• **Prompt**
Please return only the lines from the one showing "Pale Blue &" to the end of the entries, keeping both ends and dropping every picture.

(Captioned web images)
# # # #

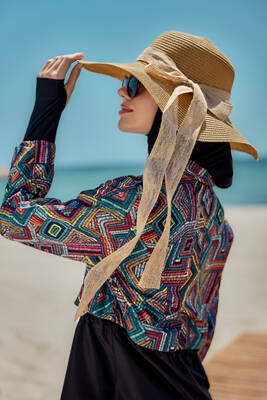 Remsa - Remsa Mayo Linen Ribbon Detailed Straw Hat Camel RŞ-106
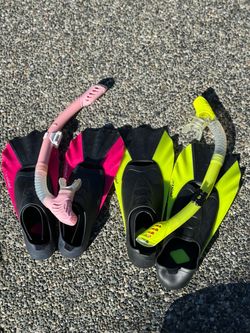 Two Snorkel and Fin Sets Pink and Yellow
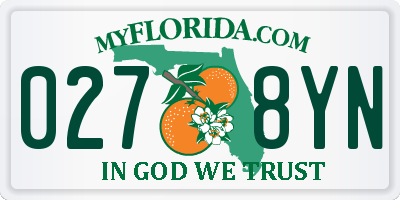 FL license plate 0278YN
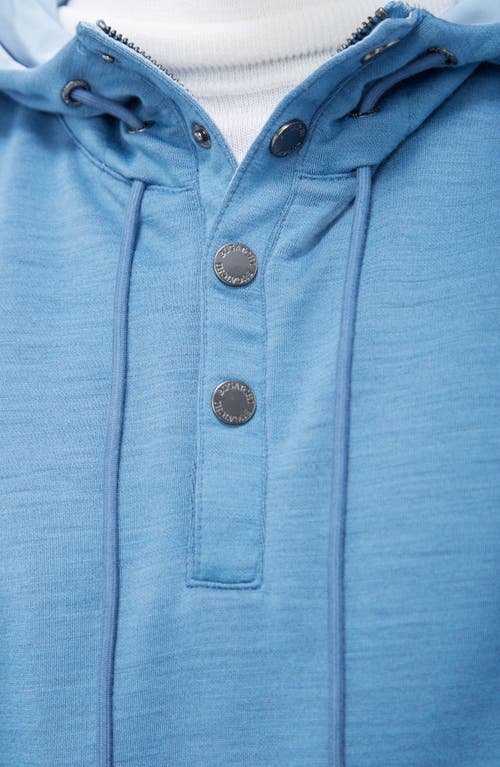 Shop Bugatchi Wool & Nylon Quarter Zip Hoodie In Cobalt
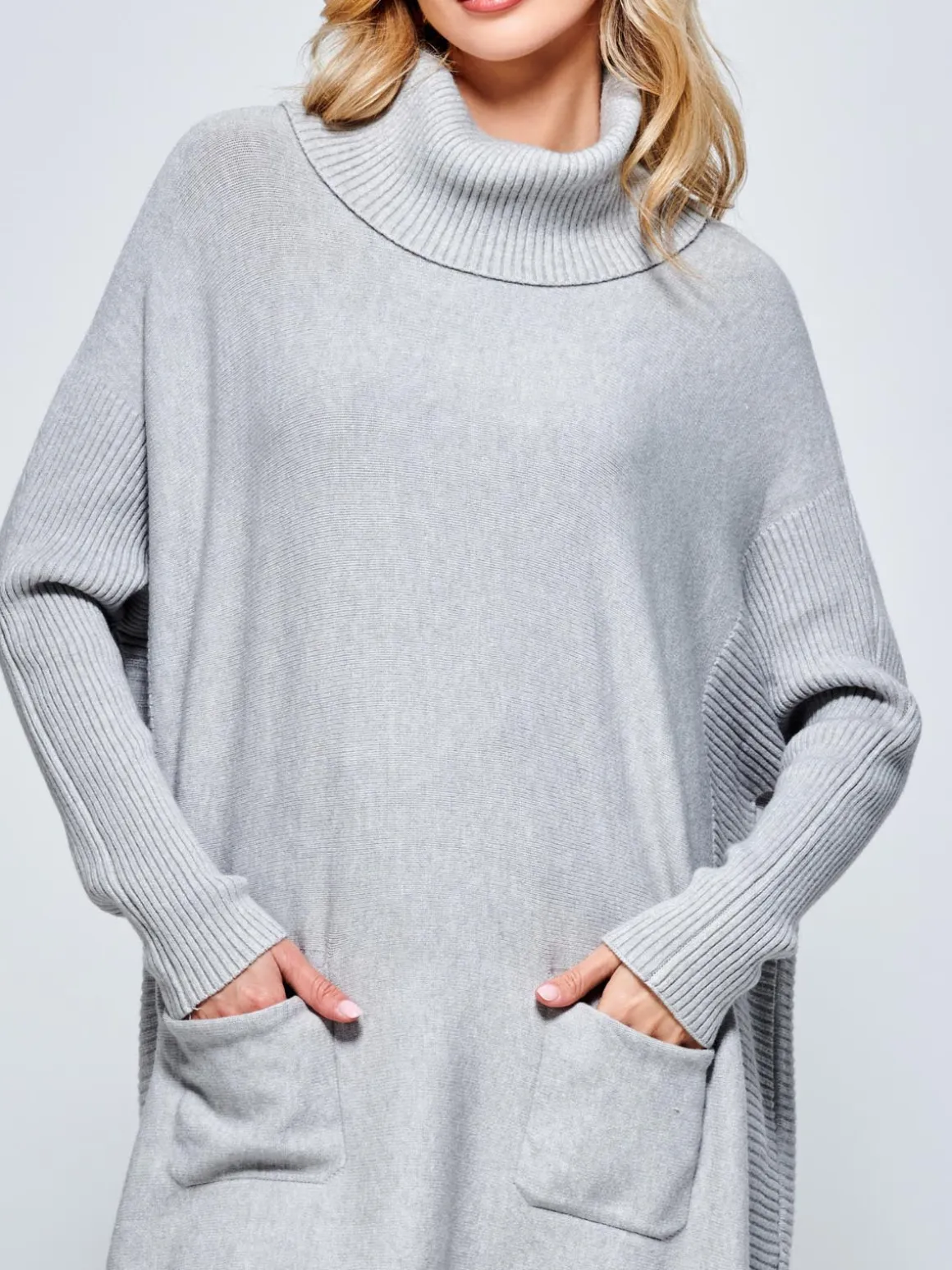 Roll Neck Pocket Front Knit Jumper, Grey Heather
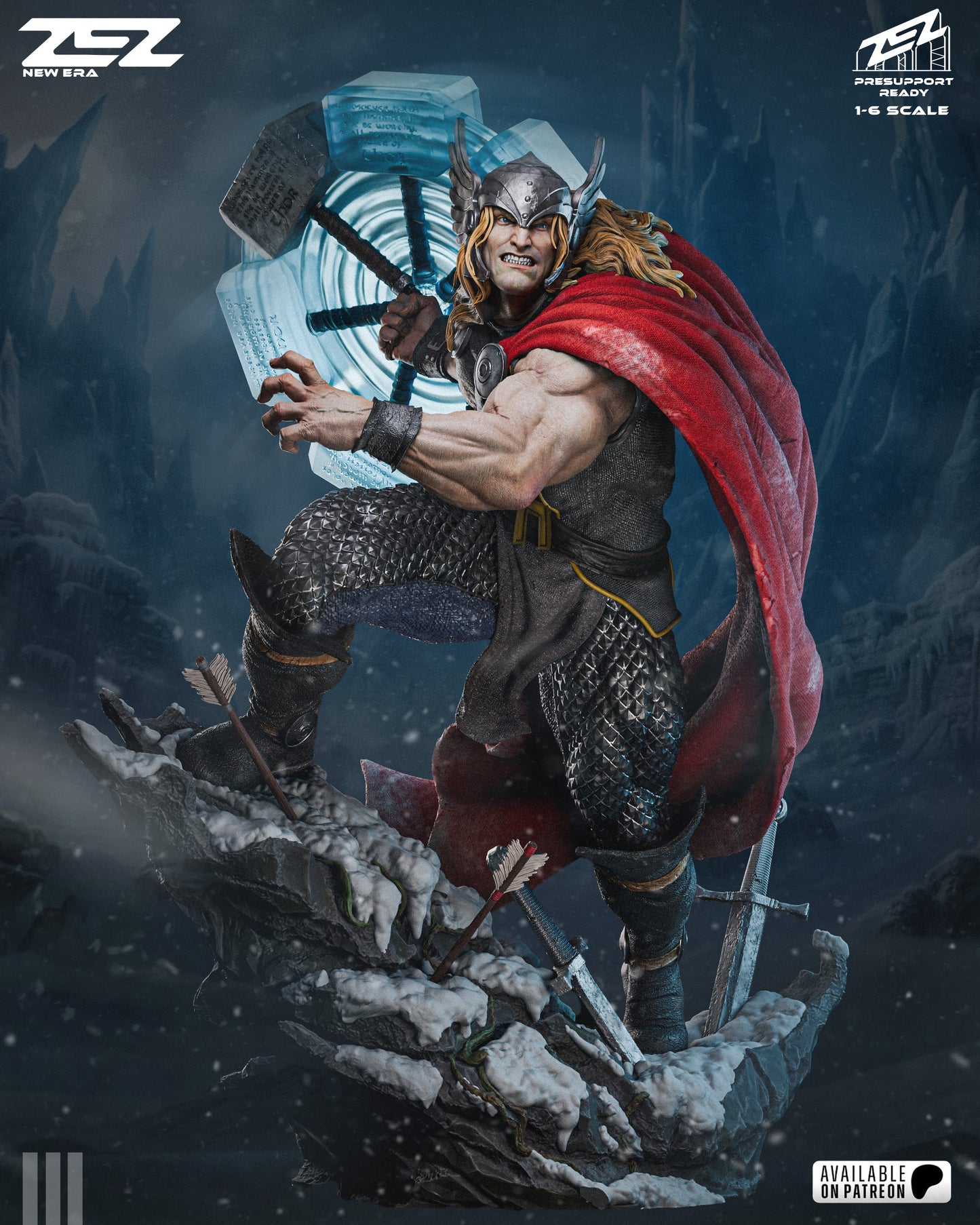 Thunder God Warrior Figure – Collectible Fantasy Statue – Fanart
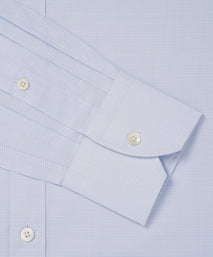Pale Blue & White Slim Fit Small POW Check Formal Shirt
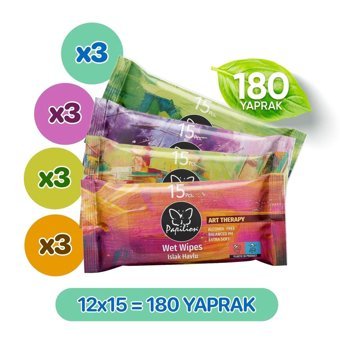Papilion Art Therapy 180 Yaprak 12'li Islak Mendil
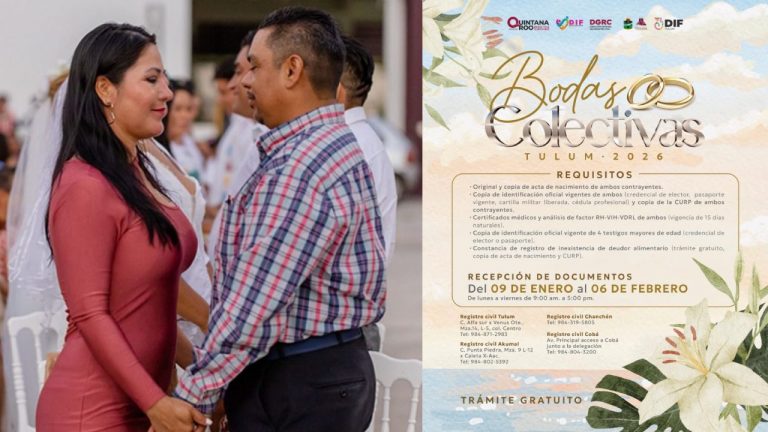 Las Bodas Colectivas 2026 en Tulum permiten a las parejas formalizar su matrimonio sin costo alguno.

# # # #

• **Expected answer**
Pale Blue & White Slim Fit Small POW Check Formal Shirt
Papilion Art Therapy 180 Yaprak 12'li Islak Mendil
 Las Bodas Colectivas 2026 en Tulum permiten a las parejas formalizar su matrimonio sin costo alguno.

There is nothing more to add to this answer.